Mes journées s'étaient toujours déroulées de la même manière depuis mon entrée dans cette école deux ans auparavant, et les moments forts de ma semaine furent bien souvent réduits à la préparation d'une tisane au tilleul certains dimanches matins, ou à la présence exceptionnelle quelques rares midis de deux autres étudiants soucieux de ma solitude. Étrangement, mes premières semaines en tant qu'étudiant fraîchement bachelier furent plutôt heureuses. Les autres élèves, tous soucieux de faire bonne impression et de ne dénigrer personne - probablement pour se convaincre qu'un simulacre d'ambiance solidaire régnait au sein de la classe - m'avaient accepté malgré ma maladresse naturelle et mon physique peu engageant. Je m'étais peu à peu habitué à leur présence, mais je m'ennuyais avec eux; ils ne parlaient souvent que du prix exorbitant d'un ticket de métro ou de l'écharpe bleue/grise qu'ils avaient pu apercevoir dans la vitrine d'une boutique en centre-ville, portée par un mannequin de plastique aux courbes parfaitement lisses. Et c'est ainsi que je me mis à noyer mon ennui dans le travail, espérant qu'il m'amènerait vers des jours bien meilleurs par la suite. En repensant à tout cela, je me rendis compte à quel point j'avais été dans l'erreur; ainsi, je ne déprimais plus parce que je regrettais cette fille, mais parce qu'elle avait mis en évidence ma nature isolée. Je regardai une dernière fois les immeubles écrasés par la tombée de la nuit avant de rentrer chez moi.
La vision de mon 15m² morne et silencieux fut le coup fatal porté à ma marginalité. J'examinais l'endroit dans lequel je vivais seul depuis près de deux ans. C'était un univers froid, aux murs sans poster fantaisiste ni photo d'amis proches, où la lumière tamisée accentuait l'atmosphère de travail qui m'attendait chaque soir. Étrangement, ce sentiment de solitude qui croissait à mesure que je scrutais la pièce était accompagné d'une impression de liberté. Ma vie n'était désormais plus servile au travail et à l'attente d'un futur confortable, elle dépendait d'un besoin de m'abroger de mon isolement.
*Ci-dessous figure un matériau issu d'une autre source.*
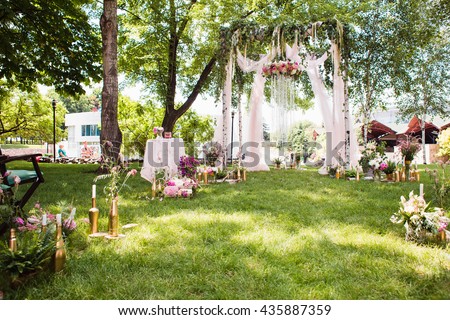 Wedding decoration (arch on the lawn in the park)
Et ce qui m'étonna en cet instant précis était moins le fait que je ne m'étais rendu compte de cette solitude au bout d'un an et demi, que son déclenchement par le souvenir lointain d'une fille paraissant si insignifiante à l'échelle de ma vie. Peut-être que n'importe quel souvenir aurait suffit à démontrer mon esseulement, mais je persistais à croire que celui-ci signifiait quelque chose. En y réfléchissant, même à l'époque sa présence m'émouvait. Elle ressemblait un peu à Célimène, elle qui aimait s'amuser et profiter de la vie, mais elle avait parfois cette douce expression, à la limite de la tristesse qui la rendait belle et mystérieuse.
Je m'assis sur le lit, dans ce deux-pièces austère qui appartenait désormais à mon ancien moi. Tout était à refaire.